December 10, 2025
From Concept to Code: Your Guide to Building a Successful MVP App
If you’re considering MVP app development, you’ll need a clear process you can trust and a partner who understands how to turn an idea into a market-ready product.
To show you how to build an MVP app, we’ll break down how our team delivers minimum viable products using a real project as an example. You’ll learn how we validate assumptions, prioritize core features, design around real user behavior, and what happens after launch.
Our 7-Step MVP App Development Process (With a Real Project Example)
It all began with a set of ideas. A healthtech company that provides diabetes management solutions approached us with several app development concepts, and the first two didn’t hold up during discovery. But because the process made the risks clear and the insights we shared were practical, the client chose to continue with the third app idea.
This time, discovery focused on an assistant that helps users make sense of their glucose patterns, activity, nutrition, and daily habits.

Step 1. Discovery and Market Research
Discovery is the place to start if you want to minimize risks, and that’s why every MVP application development project at Artkai starts here. In this case, the discovery process ran in two parallel tracks: product and technical.
Product Discovery
The product stream was led by a business analyst and a lead UI/UX designer, whose goal was to turn the client’s app idea into a concept that makes sense for the users and the market. So, we started by examining the gaps in similar apps, the client’s business objectives, and the daily routines of the target users. Alongside this, our team conducted market research to confirm real market demand and make sure the idea addressed a valid problem.
By the end of this phase, the client had a set of visual and analytical deliverables:
- A defined product vision for the minimum viable product
- A concept showing how the mobile app should look and behave
- Complete user flows
- A customer journey map for key scenarios
- Competitor and market research
- An early design concept illustrating core interactions
These insights helped us refine the target audience and understand how different user segments would interact with the product.
Just as importantly, we confirmed the product’s positioning during discovery: the app had to be a wellness product, not a healthcare solution. This influenced the UX decisions and the technical boundaries of what the app could safely advise.
Technical Discovery
At the same time, the solution architect led the technical discovery stream to answer three key questions: “What are we building?”, “How will it work under load?”, and “What will it cost?”
As a result, the team delivered:
- A planned high-level architecture
- System load projections for the first 6-12 months after launch
- A full MVP development estimate
- A detailed backlog for UI/UX design, backend and mobile development, QA, deployment, and post-launch support
- A written list of technical risks and limitations
- Architectural diagrams and supporting documentation
A major part of this work was reducing risks caused by the way different devices supply their data. Because each glucose monitor and wearable provides unique metrics and sync patterns, the team developed data flows around the specific information that these devices provide.

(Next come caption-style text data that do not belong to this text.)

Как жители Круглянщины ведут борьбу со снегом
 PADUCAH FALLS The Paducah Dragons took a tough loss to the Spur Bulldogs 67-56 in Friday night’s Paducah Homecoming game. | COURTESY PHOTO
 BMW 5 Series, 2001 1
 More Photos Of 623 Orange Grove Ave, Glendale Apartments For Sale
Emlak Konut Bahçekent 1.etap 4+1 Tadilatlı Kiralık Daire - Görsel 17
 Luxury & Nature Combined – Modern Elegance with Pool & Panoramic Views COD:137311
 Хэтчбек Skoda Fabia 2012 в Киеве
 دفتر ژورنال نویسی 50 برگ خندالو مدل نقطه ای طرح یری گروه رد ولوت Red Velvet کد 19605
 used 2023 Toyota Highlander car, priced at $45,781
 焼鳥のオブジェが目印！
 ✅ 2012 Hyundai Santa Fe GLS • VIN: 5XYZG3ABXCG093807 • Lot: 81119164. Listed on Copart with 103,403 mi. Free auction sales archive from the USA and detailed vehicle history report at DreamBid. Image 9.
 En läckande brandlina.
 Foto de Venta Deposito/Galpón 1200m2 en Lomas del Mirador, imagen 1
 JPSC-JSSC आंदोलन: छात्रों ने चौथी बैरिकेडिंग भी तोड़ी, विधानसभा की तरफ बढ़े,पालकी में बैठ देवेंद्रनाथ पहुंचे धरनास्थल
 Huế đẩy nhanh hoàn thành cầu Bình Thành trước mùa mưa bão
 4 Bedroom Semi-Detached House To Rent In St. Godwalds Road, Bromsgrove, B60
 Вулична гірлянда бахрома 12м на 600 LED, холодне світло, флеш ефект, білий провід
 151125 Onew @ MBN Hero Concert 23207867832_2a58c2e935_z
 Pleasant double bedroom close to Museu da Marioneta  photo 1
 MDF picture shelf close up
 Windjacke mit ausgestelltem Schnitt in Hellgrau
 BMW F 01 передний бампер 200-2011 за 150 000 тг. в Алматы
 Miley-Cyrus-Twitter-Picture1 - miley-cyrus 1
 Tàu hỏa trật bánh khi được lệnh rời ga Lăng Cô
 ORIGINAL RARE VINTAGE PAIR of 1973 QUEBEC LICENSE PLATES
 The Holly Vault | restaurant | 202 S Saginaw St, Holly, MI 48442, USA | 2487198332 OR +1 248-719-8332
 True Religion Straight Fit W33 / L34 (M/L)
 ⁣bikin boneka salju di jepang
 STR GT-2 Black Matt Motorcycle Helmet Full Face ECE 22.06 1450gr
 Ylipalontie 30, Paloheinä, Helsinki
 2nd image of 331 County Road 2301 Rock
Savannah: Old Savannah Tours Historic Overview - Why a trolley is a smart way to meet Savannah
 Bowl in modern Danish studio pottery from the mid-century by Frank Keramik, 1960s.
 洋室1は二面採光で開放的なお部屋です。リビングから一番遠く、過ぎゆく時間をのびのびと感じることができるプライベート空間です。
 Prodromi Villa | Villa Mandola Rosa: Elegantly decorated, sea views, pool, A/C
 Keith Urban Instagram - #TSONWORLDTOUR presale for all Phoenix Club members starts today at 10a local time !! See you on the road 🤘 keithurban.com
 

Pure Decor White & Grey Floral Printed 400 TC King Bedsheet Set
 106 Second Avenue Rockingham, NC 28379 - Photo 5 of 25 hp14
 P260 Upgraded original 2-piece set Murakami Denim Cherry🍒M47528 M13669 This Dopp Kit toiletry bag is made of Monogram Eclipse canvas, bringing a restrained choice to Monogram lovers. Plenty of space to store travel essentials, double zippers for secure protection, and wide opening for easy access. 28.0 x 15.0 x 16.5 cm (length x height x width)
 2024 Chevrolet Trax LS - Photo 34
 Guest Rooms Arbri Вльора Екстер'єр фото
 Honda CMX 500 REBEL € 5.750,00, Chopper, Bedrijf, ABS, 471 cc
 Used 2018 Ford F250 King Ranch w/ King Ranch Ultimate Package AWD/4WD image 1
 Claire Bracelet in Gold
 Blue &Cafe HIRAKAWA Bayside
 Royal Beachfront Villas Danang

The development team then created working prototypes and tested each device to see which parts of the system were reliable enough for an MVP and which ones needed to wait.
Exploring Artificial Intelligence
To power AI-driven insights, the team spent time evaluating which models made the most sense for the MVP. We reviewed both self-hosted and API-based approaches, weighing their cost, performance, privacy requirements, and future scalability. The research illustrated that proven, off-the-shelf models were the most practical choice for the MVP, and there was no reason to create and train new ones.
The findings of this discovery phase showed solid potential, and the client chose to move forward with MVP application development.
Step 2. Product Strategy
With the product vision and technical scope defined, the next step was to decide on the basic functionality. Because we strived to build an MVP app that worked as a complete product and generated meaningful recommendations, it needed access to the key data signals:
- Glucose patterns
- Heart rate
- Activity
- Medications
- Food intake
Additionally, we set clear boundaries to keep the development manageable. The MVP supported a smaller set of devices, relied on a streamlined recommendation engine, and processed only the data required to validate the concept. Everything else was set aside for later phases.
Defining only the essential features early on kept the scope realistic and ensured the product team focused on what truly mattered for validation.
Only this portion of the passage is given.